The battle with the Tuaregs, as mentioned previously, has been ongoing since the inception of the Malian state, taking place in three major waves, starting in 1962, 1990, and 2006. The new commitment to development in the North that led to such an increase in infrastructure spending was a response to the 1990 rebellion, which President Alpha Oumar Konaré realized could not be solved through military means. The 2006 rebellion, handled by Toure, was similarly met with insincere promises of increased development laid out in the Algiers Accord. Hopes for peace were dashed in 2009 when the military moved to kill Tuareg leader Ibrahim Ag Bahanga, who was not part of the Algiers Accord.
Since then, Toure had been biding his time, waiting for more counterterrorism funding to come in from the US to fight "the al-Qaeda threat" before making his move. As long as he kept up the pretense of helping Washington's insane, misguided crusade against anything that calls itself al-Qaeda, he could expect his forces to steadily grow until they were ready to subjugate all Tuareg resistance.
Touré is playing a double game: he has pledged to start a 'total struggle' against the terrorists, but won't release his troops unless they are better equipped and trained by the United States. It wants air power (a reminder of the time when the Italians bombed the Berber with the view that the bombs 'had a wonderful effect on the morale of the Arabs', according to the Italian air commandante in charge of the 1911 operation). Touré is using the AQIM threat to consolidate his power, and to bring in the cash. More money is on offer for counterterrorism than for development.
Coup and Beyond
Apparently, though, this game of waiting and attrition was not enough to assuage the fears of the Malian military. Toure's strategy was essentially crippled by the Libyan revolt, which empowered the Tuareg rebels with a new arsenal, an influx of battle-trained veterans from both sides of the Libyan civil war, and called into question the lucrative development deals Libya had been working out with Mali.
In a country that is being exploited on all sides by outsiders, a non-military solution to this intractable rebellion has been made impossible by the structural constraints on the Malian economy. The Malian military has made their intention clear: to solve the Tuareg problem once and for all with decisive violence and "restore democracy" once the Tuareg have been forced to submit. The Tuareg resistance is highly invigorated and extremely successful, though. I do not think the military solution will work in 2012 if it did not work in 1990. As early as one month ago, 130,000 people had been displaced by this war, and now wander lost, separated from their land, their homes, their families, their livestock.

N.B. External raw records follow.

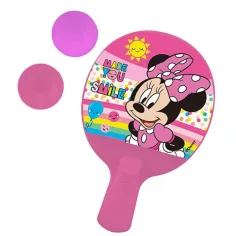Torebka niespodzianka Minnie Mouse zdjęcie 2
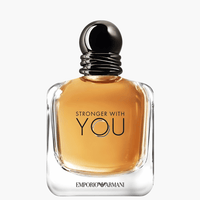 Emporio Armani Stronger With You EDT by Emporio Armani — 1mL authentic sample decant | Venba Fragrance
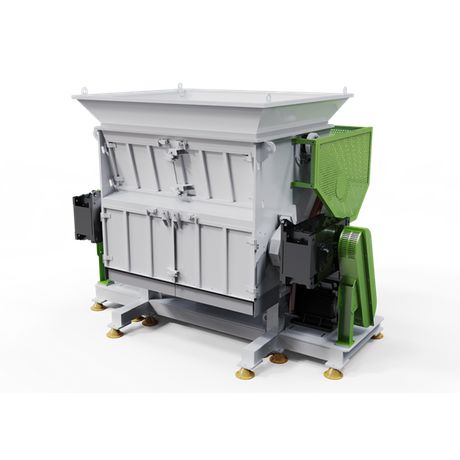 shredder.png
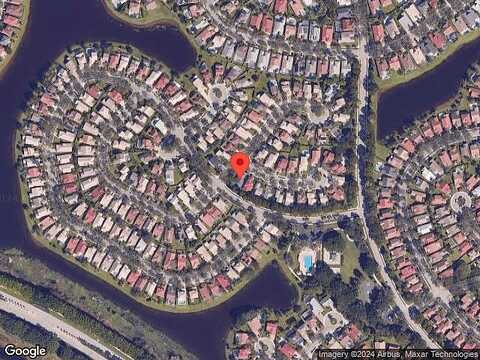 Sequoia, WESTON, FL 33327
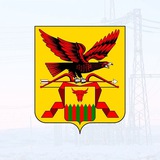 Telegram profile photo for МинЖКХ Забайкалья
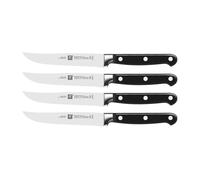 Zwilling > Zwilling - Professional 'S'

The perfunctory US condemnation of this coup belies the role of the West in causing the conflict, from its decades-old training of AQIM leadership to the World Bank's crippling of Malian development through the SAP, from its massive grant to the Malian military at the expense of civil society to its patronization of a sham democracy whose corrupt liberal leaders allowed the country to be exploited at every turn.